George, fighting the zombifying effects of his heavy medication, grinned and said, “We'll win. Let me have the cigarette.” In full view of staff, George took the cigarette and then placed it into the shirt pocket of another patient, and then looked at the staff shaking his head in contempt.
Unlike Skinner, George was not “beyond freedom and dignity.” Anti-authoritarians such as George—who don’t take seriously the rewards and punishments of control-freak authorities—deprive authoritarian ideologies such as behavior modification from total domination.
Behavior Modification Techniques Excite Authoritarians
If you have taken introductory psychology, you probably have heard of Ivan Pavlov’s “classical conditioning” and B.F. Skinner's “operant conditioning.”

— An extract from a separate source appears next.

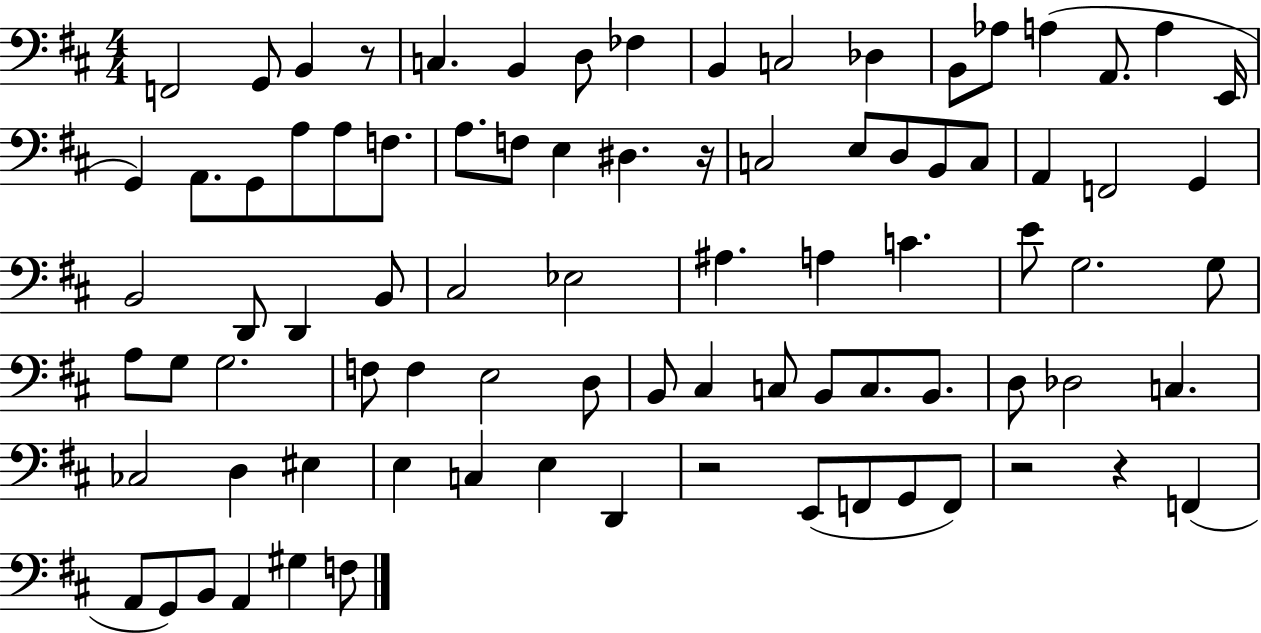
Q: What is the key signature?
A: D major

An example of Pavlov's classical conditioning? A dog hears a bell at the same time he receives food; then the bell is sounded without the food and still elicits a salivating dog. Pair a scantily clad attractive woman with some crappy beer, and condition men to sexually salivate to the sight of the crappy beer and buy it. The advertising industry has been using classical conditioning for quite some time.
Skinner's operant conditioning? Rewards, like money, are “positive reinforcements”; the removal of rewards are “negative reinforcements”; and punishments, such as electric shocks, are labeled in fact as “punishments.” Operant conditioning pervades the classroom, the workplace and mental health treatment.
Skinner was heavily influenced by the book Behaviorism (1924) by John B. Watson. Watson achieved some fame in the early 1900s by advocating a mechanical, rigid, affectionless manner in child rearing. He confidently asserted that he could take any healthy infant, and given complete control of the infant’s world, train him for any profession. When Watson was in his early 40s, he quit university life and began a new career in advertising at J. Walter Thompson.